Ter, 29/01/2019 - 10:52
A política pode ser expressão de grandeza da condição humana, mas fica-se muitas vezes pelos níveis míseros do imediatismo vicioso, sem objectivos que não a manutenção no poder, numa vertigem de ilusões que fintam a lucidez, mesmo dos mais experientes, ou assim reconhecidos pelas comunidades.
Tais equívocos resultam do entendimento distorcido da nobre arte, facilmente confundida com a ductilidade de quem se move entre bastidores, com perícia fluida, impingindo meias soluções, escondendo omissões e chorando lágrimas de crocodilo sobre leite derramado.
A capacidade de adaptação só tem efeitos benéficos se for conduzida para atingir objectivos essenciais, porque, doutro modo ficaremos reduzidos às águas paradas, aparentemente tranquilas, mas a caminho dos pântanos onde a estagnação gera a peste mortífera mais cedo ou mais tarde.
A política não é a simples gestão do imediato porque, se o for, os protagonistas tendem a atolar-se em contradições eventualmente convenientes à sua manutenção no poder mas que conduzem ao descrédito, à apatia ou mesmo à raiva latente, porta aberta para o caos. Vale mais a clareza do que as meias tintas e é importante que haja a coragem e a frontalidade para descartar o absurdo.
Na última semana o país viveu episódios inadmissíveis de vandalismo à volta da capital, que alguns quiseram justificar com uma actuação da polícia num bairro de Setúbal, alegadamente identificável com atitudes racistas. Foi uma acção política, tacitamente apoiada por um partido que suporta o governo, talvez na mira de arregimentar mais umas centenas de votos. Agitar fantasmas até pode garantir proveitos eleitorais limitados, mas abre clivagens irracionais que não aproveitam a ninguém, muito menos a um país que tem feito um percurso de integração e promoção da igualdade como poucos.

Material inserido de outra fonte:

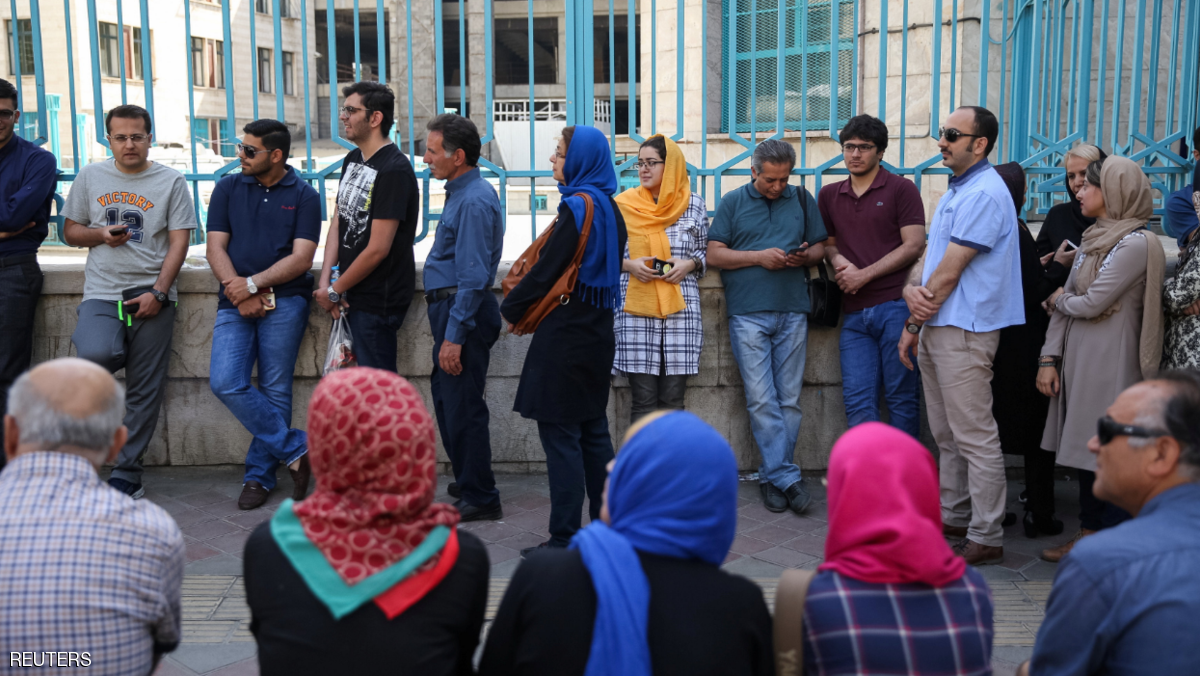 مختلف ذرائع ابلاغ میں ایران کے صدارتی انتخابات کی تعریف/ خواتین کی بھرپور شرکت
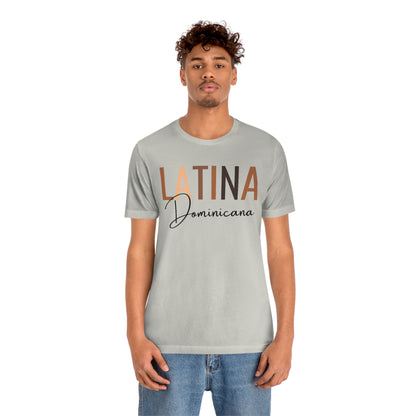 Latina Dominicana, Shirt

A História é inapagável, mas não está no banco dos réus. A observação crítica não ilude, no que respeita a Portugal, a economia de plantação e a escravatura, a segregação institucionalizada, como também não esconde a servidão feudal de muitos séculos, sem relação com a cor da pele, modelo que só começou a ser abandonado há duzentos anos um pouco por todo o mundo.

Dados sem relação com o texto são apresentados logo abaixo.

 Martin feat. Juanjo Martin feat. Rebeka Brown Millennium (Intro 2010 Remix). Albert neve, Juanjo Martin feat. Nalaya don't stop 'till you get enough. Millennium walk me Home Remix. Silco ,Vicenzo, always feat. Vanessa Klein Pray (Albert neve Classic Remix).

A ponderação e a serenidade são fundamentais para a democracia. Se uma força da ordem é servida por elementos que não cumprem cabalmente a sua missão, o Estado deve intervir para corrigir os erros. Lançar achas para uma fogueira, não traz nada de bom para o futuro.
Por isso, é difícil de compreender que o próprio primeiro ministro se tenha permitido suscitar a questão da tonalidade da sua pele, quando foi legitimamente questionado sobre as medidas para conter um problema real de ordem pública.
Ministro, presidente da capital do país e agora primeiro ministro, ao lado da ministra da Justiça, uma respeitada magistrada de origem africana e dirigindo-se a um partido que tem o único deputado negro, desceu a um nível que não corresponde às suas responsabilidades, alardeando preconceitos impensáveis, porque este país não é para racistas, seja qual for a tonalidade da pele que lhes calhou na roda colorida da vida.